• **What you should do**: Every word of every entry must be retyped exactly.

(Web page caption snippets)
^^^^^^^^

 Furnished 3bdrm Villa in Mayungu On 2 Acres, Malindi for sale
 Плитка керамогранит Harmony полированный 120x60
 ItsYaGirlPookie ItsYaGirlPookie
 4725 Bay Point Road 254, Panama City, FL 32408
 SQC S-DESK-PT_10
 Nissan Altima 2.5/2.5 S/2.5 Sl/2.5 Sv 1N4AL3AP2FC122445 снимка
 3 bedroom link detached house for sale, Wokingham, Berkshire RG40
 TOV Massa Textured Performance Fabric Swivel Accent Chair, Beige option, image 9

^^^^^^^^

• **Exercise output**:
 Furnished 3bdrm Villa in Mayungu On 2 Acres, Malindi for sale
 Плитка керамогранит Harmony полированный 120x60
 ItsYaGirlPookie ItsYaGirlPookie
 4725 Bay Point Road 254, Panama City, FL 32408
 SQC S-DESK-PT_10
 Nissan Altima 2.5/2.5 S/2.5 Sl/2.5 Sv 1N4AL3AP2FC122445 снимка
 3 bedroom link detached house for sale, Wokingham, Berkshire RG40
 TOV Massa Textured Performance Fabric Swivel Accent Chair, Beige option, image 9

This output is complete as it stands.